荷物を持って欲しいと頼まれて
現在は60代後半に入ったリタイア組の一員ですが、数年前までは東南アジアを飛び歩くビジネスマンでした。この話はそんな現役時代の或る海外出張での出来事です。
バンコクからシンガポールへの移動で、スワナプーム空港のスイス航空チェックインカウンター前の列の中にいた時です。私の後ろに並んでいた一人の女性、歳の頃なら50歳前後のインド系の女性が話しかけてきました。

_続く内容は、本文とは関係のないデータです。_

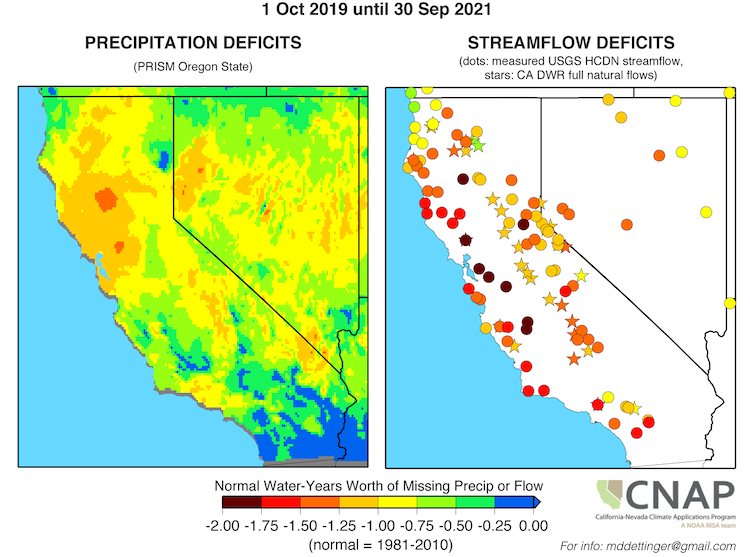 Left: A map of California and Nevada showing the missing or excess number of years of precipitation as of September 30, 2021 based on normal (1981-2010 average) water year precipitation.  REight:  A map of California and Nevada showing the missing or excess number of stream flow as of September 30, 2021 based on normal (1981-2010 average). uch of California and Nevada are missing more than 0.5 years of precipitation. Northern California and Washoe County are missing over a year’s worth of precipitation. Coastal California is missing 1.25-1.75 years worth of stream flow.  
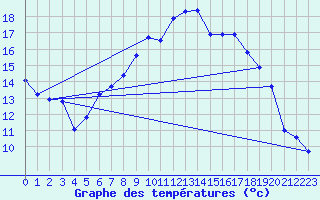 Courbe de tempratures pour Les Eplatures - La Chaux-de-Fonds (Sw)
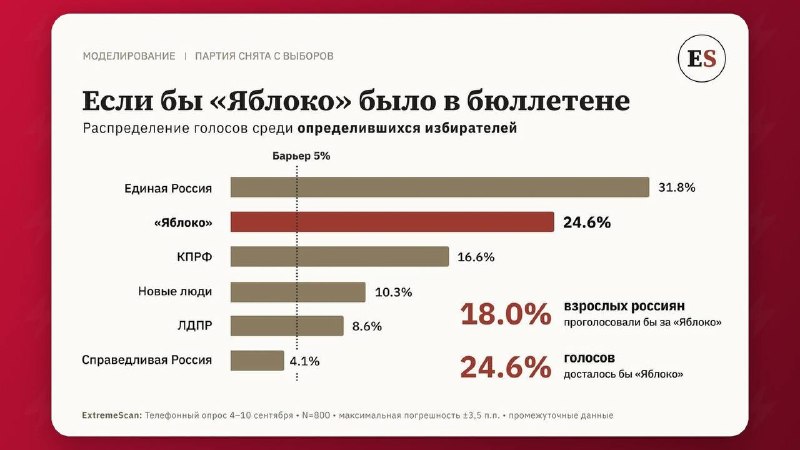 Опрос ExtremeScan: «Яблоко» могла получить 25% голосов на выборах в Госдуму РФ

「あなたの荷物はその小さなスーツケース一つですか?」
私は仕事での出張の為、土産物や沢山の着替を持っていたわけでは有りませんので、確かに少ない荷物でした。そこで私が
「ハイ、それが何か?」
と答えると彼女は、自分の荷物が多いので少し持ってくれないか、と頼んできたのです。
私は彼女の荷物の一部を、カウンター横の機内預け荷物用の台まで運べば良いのだと思い、
「OK」
と言ってその荷物に手をかけたのですが、彼女は
「あなたの荷物として預けて下さい」
と言い、その理由を「オーバーチャージを取られたくないから」と言いました。
本当にあなたの荷物ですか?
それもそうだな、との親切心で了解し、その荷物を預けようとした時です。
スイス航空の女性カウンター職員が
「これは本当にあなたの荷物ですか?」
と私に尋ねたのです。一瞬答えに躊躇していると、
「もしもそうならば、この中に違法薬物などが入っていたとしたらあなたのものですね?」
そして「シンガポールでは微量の麻薬を所持しているだけでも死刑になりますよ」
と続けたのです。
そしてその後に小声で
「後ろの夫人の物でしょ、断るべきですよ」
とアドバイスをくれたのでした。実はその職員は、私とその夫人とのやり取りを見ていて、全てお見通しだったのです。
そして、税関で目にしたものは・・・
私が断った後、彼女がオーバーチャージをいくら払ったかは分かりませんが、出発ロビーで又一緒になっても目を合わせることは有りませんでした。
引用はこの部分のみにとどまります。